Records from a collection
■ ■ ■ ■ ■
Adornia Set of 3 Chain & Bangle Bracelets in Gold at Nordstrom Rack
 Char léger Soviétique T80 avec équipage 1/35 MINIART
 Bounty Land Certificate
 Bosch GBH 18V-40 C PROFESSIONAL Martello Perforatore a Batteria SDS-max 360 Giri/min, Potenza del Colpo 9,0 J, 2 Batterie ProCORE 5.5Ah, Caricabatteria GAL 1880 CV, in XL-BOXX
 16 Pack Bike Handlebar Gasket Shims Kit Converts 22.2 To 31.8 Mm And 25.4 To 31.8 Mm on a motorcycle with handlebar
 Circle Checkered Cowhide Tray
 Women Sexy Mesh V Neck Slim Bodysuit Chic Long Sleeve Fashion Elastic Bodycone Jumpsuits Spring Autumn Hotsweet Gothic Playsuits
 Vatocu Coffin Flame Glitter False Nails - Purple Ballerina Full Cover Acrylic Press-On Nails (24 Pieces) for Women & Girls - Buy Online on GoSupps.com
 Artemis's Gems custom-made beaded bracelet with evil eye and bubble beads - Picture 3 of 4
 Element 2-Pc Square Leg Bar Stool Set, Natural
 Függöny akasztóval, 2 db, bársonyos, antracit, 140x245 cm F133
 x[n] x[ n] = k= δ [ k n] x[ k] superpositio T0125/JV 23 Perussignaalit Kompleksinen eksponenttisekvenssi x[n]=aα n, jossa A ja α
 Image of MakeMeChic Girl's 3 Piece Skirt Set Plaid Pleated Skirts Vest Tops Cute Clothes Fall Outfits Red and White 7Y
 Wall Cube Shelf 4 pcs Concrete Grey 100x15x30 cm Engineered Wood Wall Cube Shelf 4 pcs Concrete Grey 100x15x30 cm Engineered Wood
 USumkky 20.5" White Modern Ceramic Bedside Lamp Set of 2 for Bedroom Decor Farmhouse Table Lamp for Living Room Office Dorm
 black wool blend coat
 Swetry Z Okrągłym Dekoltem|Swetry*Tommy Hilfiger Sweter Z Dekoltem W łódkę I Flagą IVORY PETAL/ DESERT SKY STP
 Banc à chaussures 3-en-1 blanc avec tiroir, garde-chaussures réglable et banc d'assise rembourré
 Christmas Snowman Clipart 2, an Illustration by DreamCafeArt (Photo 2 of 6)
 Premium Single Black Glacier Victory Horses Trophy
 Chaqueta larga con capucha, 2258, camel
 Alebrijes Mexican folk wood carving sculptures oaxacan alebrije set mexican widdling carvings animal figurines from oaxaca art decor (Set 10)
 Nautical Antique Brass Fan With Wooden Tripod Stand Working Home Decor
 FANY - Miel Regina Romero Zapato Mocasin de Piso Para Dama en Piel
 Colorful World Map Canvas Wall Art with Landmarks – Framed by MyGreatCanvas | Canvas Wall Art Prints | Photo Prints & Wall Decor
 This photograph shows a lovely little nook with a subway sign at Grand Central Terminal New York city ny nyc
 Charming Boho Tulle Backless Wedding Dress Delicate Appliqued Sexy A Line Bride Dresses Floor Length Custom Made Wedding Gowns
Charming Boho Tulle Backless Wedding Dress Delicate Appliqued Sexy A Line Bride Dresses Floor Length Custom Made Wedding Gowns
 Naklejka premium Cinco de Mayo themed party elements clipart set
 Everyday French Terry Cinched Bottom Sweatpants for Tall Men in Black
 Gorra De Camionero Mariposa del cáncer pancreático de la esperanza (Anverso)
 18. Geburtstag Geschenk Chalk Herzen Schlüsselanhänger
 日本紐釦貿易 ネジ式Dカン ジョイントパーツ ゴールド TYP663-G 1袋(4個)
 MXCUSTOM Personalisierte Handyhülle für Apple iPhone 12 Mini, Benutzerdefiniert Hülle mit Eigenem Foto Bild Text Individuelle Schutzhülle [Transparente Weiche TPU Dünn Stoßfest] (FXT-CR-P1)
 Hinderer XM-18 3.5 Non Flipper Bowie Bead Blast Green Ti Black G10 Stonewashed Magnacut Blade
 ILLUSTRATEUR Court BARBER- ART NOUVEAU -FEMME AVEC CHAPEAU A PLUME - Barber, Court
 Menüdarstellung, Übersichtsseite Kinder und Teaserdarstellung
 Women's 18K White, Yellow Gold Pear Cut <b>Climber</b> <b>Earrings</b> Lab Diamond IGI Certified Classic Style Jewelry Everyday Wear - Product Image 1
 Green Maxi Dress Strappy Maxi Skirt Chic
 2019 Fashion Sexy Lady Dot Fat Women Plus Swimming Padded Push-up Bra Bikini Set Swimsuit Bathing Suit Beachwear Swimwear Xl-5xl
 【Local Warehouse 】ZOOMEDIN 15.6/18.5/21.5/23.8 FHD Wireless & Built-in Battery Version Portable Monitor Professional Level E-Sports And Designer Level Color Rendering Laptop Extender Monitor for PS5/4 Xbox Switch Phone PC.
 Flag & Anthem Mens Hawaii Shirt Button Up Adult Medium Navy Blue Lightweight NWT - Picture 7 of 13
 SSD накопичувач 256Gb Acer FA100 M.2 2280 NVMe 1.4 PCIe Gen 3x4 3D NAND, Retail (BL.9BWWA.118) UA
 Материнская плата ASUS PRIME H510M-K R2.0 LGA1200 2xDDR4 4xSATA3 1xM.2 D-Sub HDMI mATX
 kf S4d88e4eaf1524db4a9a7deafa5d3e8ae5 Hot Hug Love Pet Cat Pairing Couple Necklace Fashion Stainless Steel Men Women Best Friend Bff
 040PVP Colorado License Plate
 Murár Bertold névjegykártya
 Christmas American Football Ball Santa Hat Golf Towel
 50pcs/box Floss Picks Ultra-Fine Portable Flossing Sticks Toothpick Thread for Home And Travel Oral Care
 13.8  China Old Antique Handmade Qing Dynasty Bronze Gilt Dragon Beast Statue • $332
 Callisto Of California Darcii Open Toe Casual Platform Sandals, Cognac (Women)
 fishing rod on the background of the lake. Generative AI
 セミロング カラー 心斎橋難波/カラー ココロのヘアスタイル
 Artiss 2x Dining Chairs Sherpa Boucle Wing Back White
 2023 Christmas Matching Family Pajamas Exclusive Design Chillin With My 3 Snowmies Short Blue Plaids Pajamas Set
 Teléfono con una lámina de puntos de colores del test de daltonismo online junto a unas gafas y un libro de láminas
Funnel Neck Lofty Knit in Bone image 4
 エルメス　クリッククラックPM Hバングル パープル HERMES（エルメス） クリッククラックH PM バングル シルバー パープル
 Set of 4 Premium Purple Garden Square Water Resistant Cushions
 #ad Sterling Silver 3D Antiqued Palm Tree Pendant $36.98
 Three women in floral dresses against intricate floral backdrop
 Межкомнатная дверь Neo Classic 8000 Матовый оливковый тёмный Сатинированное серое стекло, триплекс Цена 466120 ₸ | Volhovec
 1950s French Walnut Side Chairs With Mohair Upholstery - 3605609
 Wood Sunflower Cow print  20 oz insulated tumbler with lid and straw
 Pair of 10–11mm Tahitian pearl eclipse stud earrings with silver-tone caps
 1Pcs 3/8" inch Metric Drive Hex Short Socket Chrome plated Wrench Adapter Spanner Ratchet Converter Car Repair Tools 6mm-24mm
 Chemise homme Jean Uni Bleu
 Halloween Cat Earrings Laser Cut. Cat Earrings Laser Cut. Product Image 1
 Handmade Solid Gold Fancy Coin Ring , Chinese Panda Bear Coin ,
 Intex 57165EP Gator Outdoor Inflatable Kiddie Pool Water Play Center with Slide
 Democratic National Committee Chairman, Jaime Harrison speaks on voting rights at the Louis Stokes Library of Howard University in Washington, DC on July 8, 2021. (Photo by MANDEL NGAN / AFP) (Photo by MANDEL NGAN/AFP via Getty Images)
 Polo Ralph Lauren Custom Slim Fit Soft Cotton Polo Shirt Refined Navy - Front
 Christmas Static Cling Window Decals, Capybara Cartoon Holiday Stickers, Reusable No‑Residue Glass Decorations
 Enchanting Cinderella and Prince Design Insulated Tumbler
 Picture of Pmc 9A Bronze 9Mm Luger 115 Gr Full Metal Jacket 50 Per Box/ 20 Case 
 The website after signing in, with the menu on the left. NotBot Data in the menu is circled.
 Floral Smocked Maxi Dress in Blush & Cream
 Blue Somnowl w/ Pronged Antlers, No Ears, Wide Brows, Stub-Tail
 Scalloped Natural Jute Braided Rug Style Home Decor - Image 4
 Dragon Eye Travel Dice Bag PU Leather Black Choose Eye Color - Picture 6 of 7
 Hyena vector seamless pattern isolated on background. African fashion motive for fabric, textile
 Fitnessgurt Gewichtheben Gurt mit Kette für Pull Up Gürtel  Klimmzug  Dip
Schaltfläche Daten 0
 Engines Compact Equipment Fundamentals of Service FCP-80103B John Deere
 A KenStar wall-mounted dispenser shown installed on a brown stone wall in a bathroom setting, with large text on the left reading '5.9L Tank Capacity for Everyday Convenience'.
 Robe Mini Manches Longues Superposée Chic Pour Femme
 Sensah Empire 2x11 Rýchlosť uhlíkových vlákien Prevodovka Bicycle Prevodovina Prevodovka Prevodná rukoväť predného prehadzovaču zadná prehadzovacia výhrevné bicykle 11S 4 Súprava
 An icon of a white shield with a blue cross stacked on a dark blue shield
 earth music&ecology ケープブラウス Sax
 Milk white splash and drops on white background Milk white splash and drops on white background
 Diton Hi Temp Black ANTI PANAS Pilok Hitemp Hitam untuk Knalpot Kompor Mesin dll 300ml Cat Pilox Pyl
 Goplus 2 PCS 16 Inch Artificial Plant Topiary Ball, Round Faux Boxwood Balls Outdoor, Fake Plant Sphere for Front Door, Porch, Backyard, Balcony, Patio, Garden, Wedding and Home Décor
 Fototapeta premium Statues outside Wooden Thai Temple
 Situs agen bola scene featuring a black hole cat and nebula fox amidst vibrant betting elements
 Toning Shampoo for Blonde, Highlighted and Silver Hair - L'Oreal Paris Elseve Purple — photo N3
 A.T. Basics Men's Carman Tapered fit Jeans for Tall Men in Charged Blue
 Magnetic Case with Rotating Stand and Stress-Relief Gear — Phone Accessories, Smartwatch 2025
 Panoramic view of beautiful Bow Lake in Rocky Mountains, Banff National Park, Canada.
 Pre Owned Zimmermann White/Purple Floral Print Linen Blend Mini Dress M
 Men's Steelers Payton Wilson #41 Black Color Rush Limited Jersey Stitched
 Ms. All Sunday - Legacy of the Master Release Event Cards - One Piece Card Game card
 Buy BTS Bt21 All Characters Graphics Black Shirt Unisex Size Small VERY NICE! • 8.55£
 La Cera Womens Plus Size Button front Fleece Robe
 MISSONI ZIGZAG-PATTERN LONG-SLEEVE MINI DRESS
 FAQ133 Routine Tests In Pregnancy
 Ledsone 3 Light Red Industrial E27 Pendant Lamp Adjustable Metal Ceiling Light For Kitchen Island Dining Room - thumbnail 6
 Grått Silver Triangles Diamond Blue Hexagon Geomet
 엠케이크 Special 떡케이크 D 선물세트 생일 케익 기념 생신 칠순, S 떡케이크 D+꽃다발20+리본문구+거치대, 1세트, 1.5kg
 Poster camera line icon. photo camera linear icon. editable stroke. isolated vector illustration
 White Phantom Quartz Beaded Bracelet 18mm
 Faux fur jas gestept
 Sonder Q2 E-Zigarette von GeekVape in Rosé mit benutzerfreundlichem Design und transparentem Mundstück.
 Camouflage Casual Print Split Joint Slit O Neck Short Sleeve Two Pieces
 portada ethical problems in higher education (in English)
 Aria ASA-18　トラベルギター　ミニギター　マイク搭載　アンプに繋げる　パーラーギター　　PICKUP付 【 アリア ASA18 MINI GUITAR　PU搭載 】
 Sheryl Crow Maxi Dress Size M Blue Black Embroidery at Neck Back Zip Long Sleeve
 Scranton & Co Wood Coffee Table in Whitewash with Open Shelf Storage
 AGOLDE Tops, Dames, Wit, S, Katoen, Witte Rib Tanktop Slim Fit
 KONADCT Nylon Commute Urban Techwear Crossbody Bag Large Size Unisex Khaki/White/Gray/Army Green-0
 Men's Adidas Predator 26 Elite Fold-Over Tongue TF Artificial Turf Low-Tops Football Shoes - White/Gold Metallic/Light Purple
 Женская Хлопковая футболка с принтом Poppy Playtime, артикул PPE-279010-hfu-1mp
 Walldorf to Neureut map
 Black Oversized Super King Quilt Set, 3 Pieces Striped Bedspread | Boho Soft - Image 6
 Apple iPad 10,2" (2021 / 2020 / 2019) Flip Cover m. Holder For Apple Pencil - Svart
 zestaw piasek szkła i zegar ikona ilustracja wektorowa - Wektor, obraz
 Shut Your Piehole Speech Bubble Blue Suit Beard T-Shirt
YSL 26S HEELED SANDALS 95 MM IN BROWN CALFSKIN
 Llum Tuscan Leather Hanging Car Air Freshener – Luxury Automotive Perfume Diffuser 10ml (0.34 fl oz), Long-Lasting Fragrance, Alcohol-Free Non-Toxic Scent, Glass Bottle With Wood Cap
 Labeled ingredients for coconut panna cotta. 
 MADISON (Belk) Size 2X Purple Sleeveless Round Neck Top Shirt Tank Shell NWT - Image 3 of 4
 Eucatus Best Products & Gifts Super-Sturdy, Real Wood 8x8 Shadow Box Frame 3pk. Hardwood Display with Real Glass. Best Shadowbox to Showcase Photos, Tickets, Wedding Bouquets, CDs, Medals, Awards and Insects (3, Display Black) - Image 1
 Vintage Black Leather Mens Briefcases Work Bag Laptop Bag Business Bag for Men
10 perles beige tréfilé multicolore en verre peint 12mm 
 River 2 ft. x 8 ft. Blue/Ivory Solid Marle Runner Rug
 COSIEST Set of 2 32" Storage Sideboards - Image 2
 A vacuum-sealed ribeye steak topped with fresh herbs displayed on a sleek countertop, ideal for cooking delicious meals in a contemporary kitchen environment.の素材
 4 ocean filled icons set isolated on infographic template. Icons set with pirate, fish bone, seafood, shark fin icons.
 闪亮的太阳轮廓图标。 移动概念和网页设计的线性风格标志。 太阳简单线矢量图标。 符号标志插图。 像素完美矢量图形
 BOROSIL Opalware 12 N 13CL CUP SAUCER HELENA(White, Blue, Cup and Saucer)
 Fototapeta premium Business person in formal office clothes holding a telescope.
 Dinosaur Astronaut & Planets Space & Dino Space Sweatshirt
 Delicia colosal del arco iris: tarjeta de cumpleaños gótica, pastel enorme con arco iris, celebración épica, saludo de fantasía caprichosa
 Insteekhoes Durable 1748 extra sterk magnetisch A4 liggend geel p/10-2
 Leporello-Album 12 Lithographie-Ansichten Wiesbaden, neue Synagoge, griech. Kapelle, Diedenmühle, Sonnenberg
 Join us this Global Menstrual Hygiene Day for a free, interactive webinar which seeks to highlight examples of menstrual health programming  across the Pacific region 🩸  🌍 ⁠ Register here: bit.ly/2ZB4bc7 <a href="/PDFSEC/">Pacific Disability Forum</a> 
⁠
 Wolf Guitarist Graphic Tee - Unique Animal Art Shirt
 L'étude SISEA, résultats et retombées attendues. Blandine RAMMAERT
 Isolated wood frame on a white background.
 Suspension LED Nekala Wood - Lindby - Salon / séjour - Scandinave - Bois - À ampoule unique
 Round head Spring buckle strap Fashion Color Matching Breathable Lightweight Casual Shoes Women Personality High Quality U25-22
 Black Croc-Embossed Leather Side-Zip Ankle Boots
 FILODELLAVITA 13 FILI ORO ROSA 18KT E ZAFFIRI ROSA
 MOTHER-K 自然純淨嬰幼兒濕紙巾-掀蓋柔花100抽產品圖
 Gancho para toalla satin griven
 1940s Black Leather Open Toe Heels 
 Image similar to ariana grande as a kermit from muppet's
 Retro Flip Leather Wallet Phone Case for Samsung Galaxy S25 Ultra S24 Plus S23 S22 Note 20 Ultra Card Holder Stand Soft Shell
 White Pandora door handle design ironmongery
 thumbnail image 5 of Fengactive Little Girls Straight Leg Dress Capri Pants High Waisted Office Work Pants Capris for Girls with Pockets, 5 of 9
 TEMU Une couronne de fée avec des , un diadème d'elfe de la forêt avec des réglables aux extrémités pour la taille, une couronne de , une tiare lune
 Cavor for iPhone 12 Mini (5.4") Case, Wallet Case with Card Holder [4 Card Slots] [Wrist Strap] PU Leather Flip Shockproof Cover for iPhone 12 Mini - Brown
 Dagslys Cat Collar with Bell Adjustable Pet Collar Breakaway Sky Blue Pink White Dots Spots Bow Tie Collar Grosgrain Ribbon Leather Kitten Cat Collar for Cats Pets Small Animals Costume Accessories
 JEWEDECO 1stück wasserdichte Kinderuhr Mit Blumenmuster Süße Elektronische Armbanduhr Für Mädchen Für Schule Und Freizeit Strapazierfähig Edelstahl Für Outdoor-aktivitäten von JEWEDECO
■ ■ ■ ■ ■
- [PROBLEM DESCRIPTION] The lines above, starting at the one with "Pair of 10–11mm" and ending at the one with "Democratic National Committee", are the only ones to return, exactly as written.

- [WRITTEN SOLUTION]
 Pair of 10–11mm Tahitian pearl eclipse stud earrings with silver-tone caps
 1Pcs 3/8" inch Metric Drive Hex Short Socket Chrome plated Wrench Adapter Spanner Ratchet Converter Car Repair Tools 6mm-24mm
 Chemise homme Jean Uni Bleu
 Halloween Cat Earrings Laser Cut. Cat Earrings Laser Cut. Product Image 1
 Handmade Solid Gold Fancy Coin Ring , Chinese Panda Bear Coin ,
 Intex 57165EP Gator Outdoor Inflatable Kiddie Pool Water Play Center with Slide
 Democratic National Committee Chairman, Jaime Harrison speaks on voting rights at the Louis Stokes Library of Howard University in Washington, DC on July 8, 2021. (Photo by MANDEL NGAN / AFP) (Photo by MANDEL NGAN/AFP via Getty Images)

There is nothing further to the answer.